Top of Supplied material
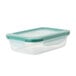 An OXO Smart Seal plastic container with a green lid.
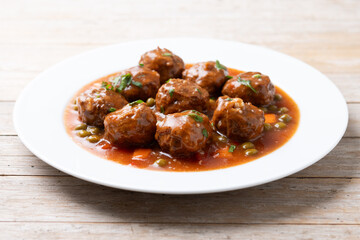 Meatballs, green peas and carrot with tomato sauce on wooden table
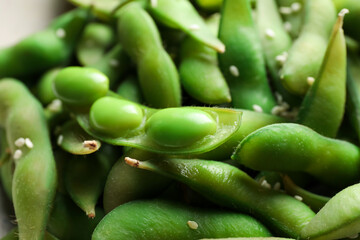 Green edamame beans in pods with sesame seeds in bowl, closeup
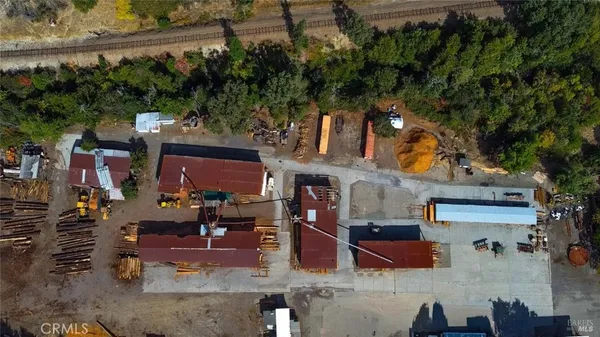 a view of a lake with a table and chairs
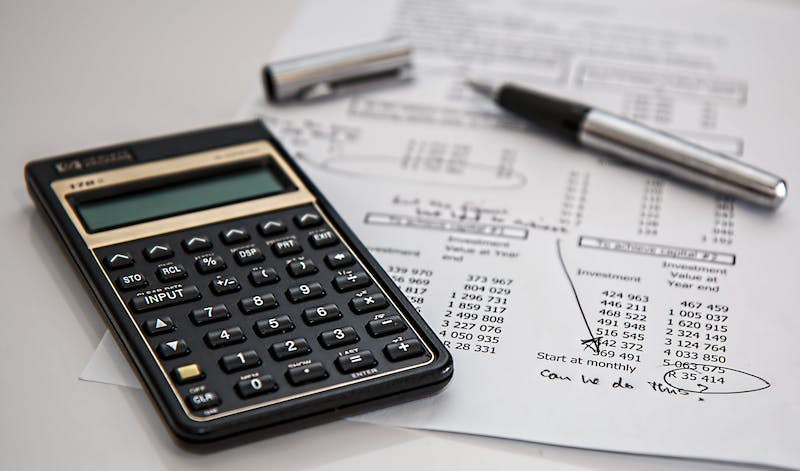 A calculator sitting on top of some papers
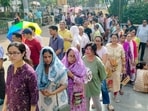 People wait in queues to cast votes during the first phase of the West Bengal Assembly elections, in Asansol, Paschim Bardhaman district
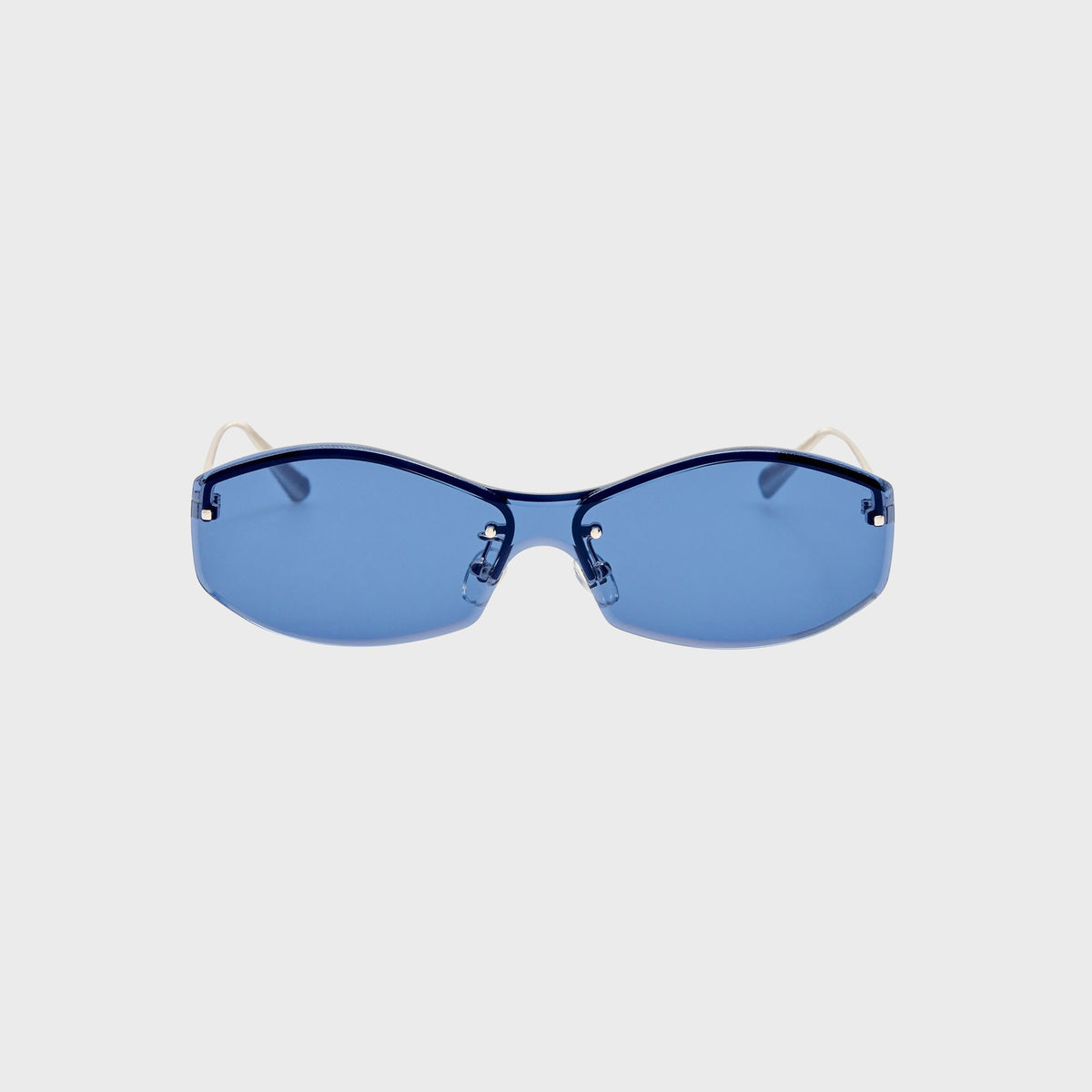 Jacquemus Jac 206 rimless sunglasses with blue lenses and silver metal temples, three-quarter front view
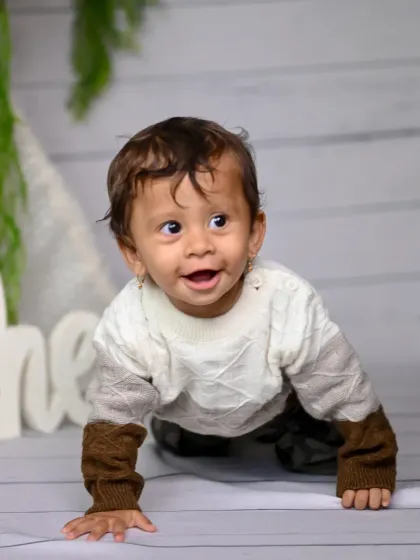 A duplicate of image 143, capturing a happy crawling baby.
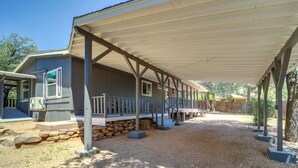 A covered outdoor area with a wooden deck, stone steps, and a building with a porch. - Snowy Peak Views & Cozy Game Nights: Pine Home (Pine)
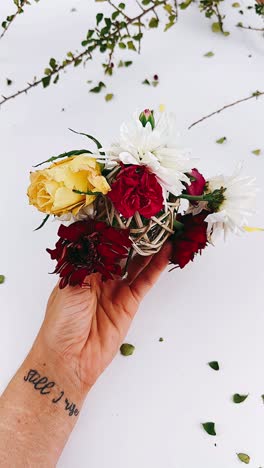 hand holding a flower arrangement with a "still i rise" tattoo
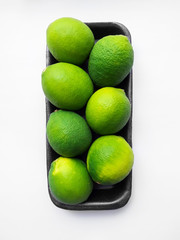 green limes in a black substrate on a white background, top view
Bottom of Supplied material
Top of Supplied material
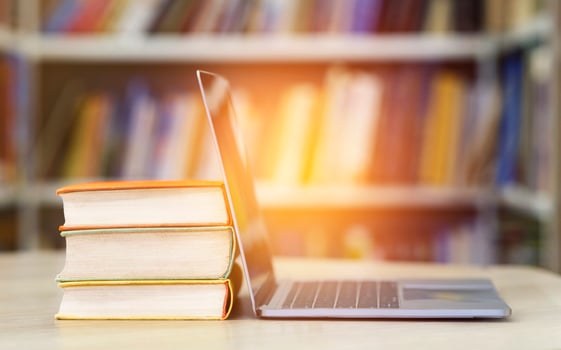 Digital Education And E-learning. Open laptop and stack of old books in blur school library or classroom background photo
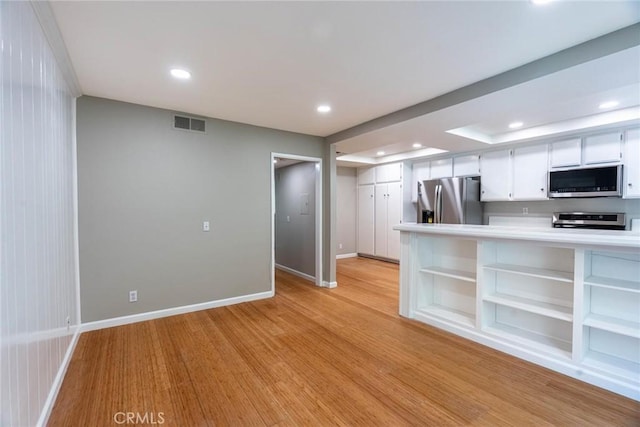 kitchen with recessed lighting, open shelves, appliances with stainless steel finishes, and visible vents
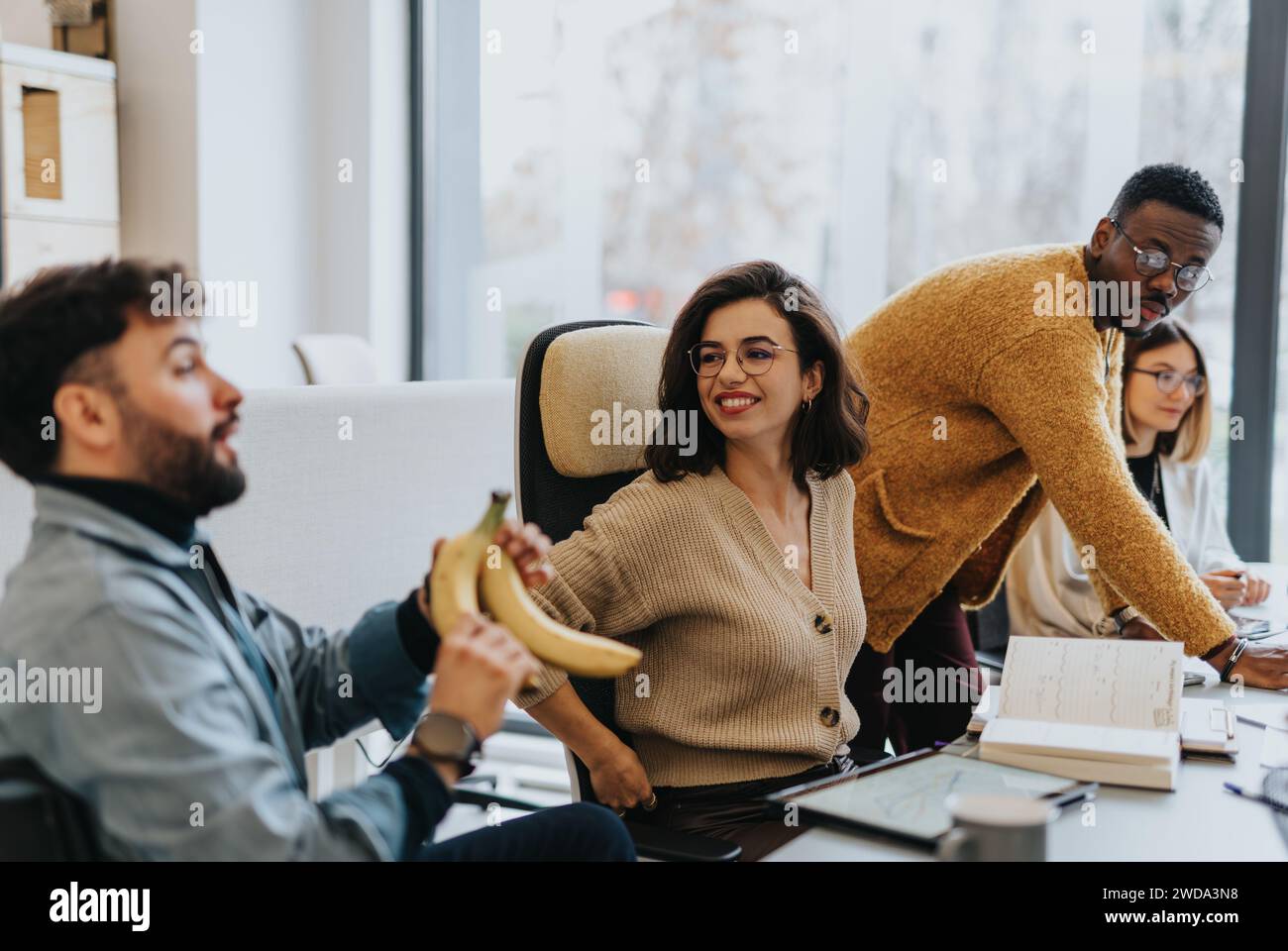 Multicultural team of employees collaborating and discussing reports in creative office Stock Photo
Bottom of Supplied material
Top of Supplied material
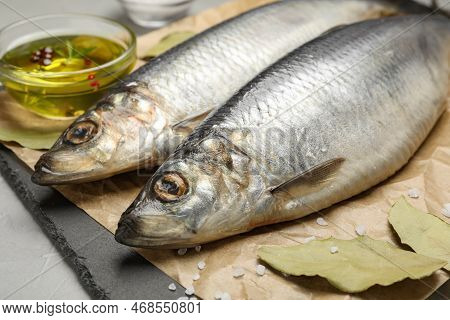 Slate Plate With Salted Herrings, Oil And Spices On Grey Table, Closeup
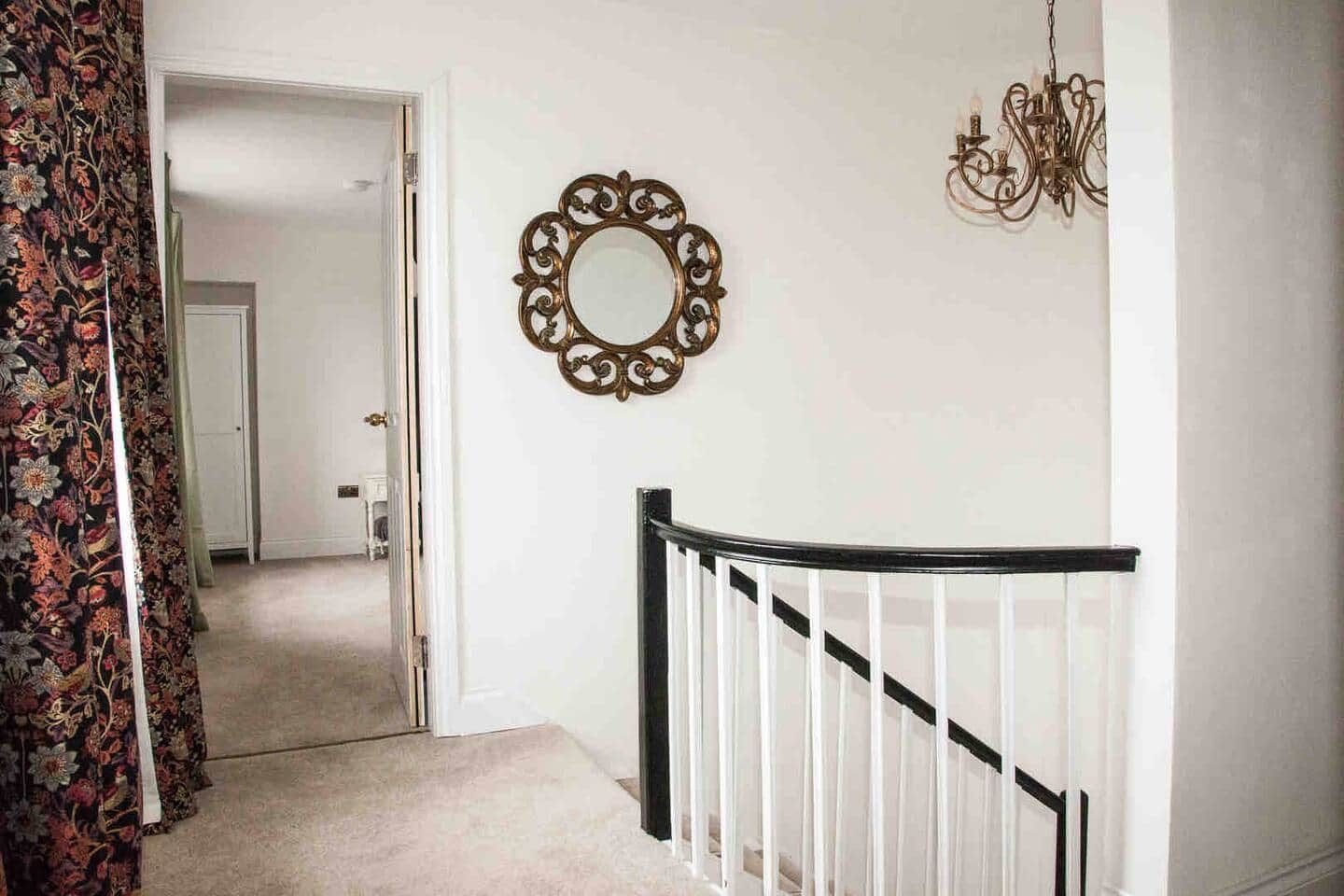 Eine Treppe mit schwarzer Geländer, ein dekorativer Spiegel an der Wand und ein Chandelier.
Bottom of Supplied material
_Task_: Set down again, word for word, every line from the one with "Meatballs, green peas" to the one with "green limes in" in the entries above, and omit the pictures.

_Your solution_:
 Meatballs, green peas and carrot with tomato sauce on wooden table
 Green edamame beans in pods with sesame seeds in bowl, closeup
 a view of a lake with a table and chairs
 A calculator sitting on top of some papers
 People wait in queues to cast votes during the first phase of the West Bengal Assembly elections, in Asansol, Paschim Bardhaman district
 Jacquemus Jac 206 rimless sunglasses with blue lenses and silver metal temples, three-quarter front view
 A duplicate of image 143, capturing a happy crawling baby.
 A covered outdoor area with a wooden deck, stone steps, and a building with a porch. - Snowy Peak Views & Cozy Game Nights: Pine Home (Pine)
 hand holding a flower arrangement with a "still i rise" tattoo
 green limes in a black substrate on a white background, top view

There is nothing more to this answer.